### Provided information
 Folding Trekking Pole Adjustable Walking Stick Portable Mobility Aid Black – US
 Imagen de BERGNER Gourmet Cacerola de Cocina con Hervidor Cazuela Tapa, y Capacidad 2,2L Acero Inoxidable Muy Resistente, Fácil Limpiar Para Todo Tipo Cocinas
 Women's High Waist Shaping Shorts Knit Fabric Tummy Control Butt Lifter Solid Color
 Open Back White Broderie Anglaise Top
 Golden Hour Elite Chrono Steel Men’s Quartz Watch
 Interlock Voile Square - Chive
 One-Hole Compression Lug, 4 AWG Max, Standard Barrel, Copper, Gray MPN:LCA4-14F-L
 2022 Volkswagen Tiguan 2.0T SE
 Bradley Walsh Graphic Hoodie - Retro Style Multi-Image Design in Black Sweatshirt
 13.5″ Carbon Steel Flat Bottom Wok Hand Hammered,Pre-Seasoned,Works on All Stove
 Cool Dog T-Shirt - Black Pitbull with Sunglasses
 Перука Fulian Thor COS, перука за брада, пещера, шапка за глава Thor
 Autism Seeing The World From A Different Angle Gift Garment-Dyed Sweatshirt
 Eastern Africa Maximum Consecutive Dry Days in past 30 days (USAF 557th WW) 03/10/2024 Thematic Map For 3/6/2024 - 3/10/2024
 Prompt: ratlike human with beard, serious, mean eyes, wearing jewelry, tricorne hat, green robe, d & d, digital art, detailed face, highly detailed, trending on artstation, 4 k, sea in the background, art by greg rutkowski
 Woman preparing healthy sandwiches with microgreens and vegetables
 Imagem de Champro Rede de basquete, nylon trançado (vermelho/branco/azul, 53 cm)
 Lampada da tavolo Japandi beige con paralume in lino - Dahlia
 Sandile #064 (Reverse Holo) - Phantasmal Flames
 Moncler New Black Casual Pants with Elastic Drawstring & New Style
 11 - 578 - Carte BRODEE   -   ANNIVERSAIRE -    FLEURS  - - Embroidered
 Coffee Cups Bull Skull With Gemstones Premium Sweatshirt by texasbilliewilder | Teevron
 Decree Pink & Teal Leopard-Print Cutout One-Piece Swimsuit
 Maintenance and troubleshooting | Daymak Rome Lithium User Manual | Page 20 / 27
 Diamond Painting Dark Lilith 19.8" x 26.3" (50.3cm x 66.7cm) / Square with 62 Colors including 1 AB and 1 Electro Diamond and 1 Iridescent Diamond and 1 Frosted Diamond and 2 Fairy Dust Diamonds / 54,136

### Exercise description
Retype exactly. Start at the line with "Prompt: ratlike human" and stop at the last line of the data.

### Response
 Prompt: ratlike human with beard, serious, mean eyes, wearing jewelry, tricorne hat, green robe, d & d, digital art, detailed face, highly detailed, trending on artstation, 4 k, sea in the background, art by greg rutkowski
 Woman preparing healthy sandwiches with microgreens and vegetables
 Imagem de Champro Rede de basquete, nylon trançado (vermelho/branco/azul, 53 cm)
 Lampada da tavolo Japandi beige con paralume in lino - Dahlia
 Sandile #064 (Reverse Holo) - Phantasmal Flames
 Moncler New Black Casual Pants with Elastic Drawstring & New Style
 11 - 578 - Carte BRODEE   -   ANNIVERSAIRE -    FLEURS  - - Embroidered
 Coffee Cups Bull Skull With Gemstones Premium Sweatshirt by texasbilliewilder | Teevron
 Decree Pink & Teal Leopard-Print Cutout One-Piece Swimsuit
 Maintenance and troubleshooting | Daymak Rome Lithium User Manual | Page 20 / 27
 Diamond Painting Dark Lilith 19.8" x 26.3" (50.3cm x 66.7cm) / Square with 62 Colors including 1 AB and 1 Electro Diamond and 1 Iridescent Diamond and 1 Frosted Diamond and 2 Fairy Dust Diamonds / 54,136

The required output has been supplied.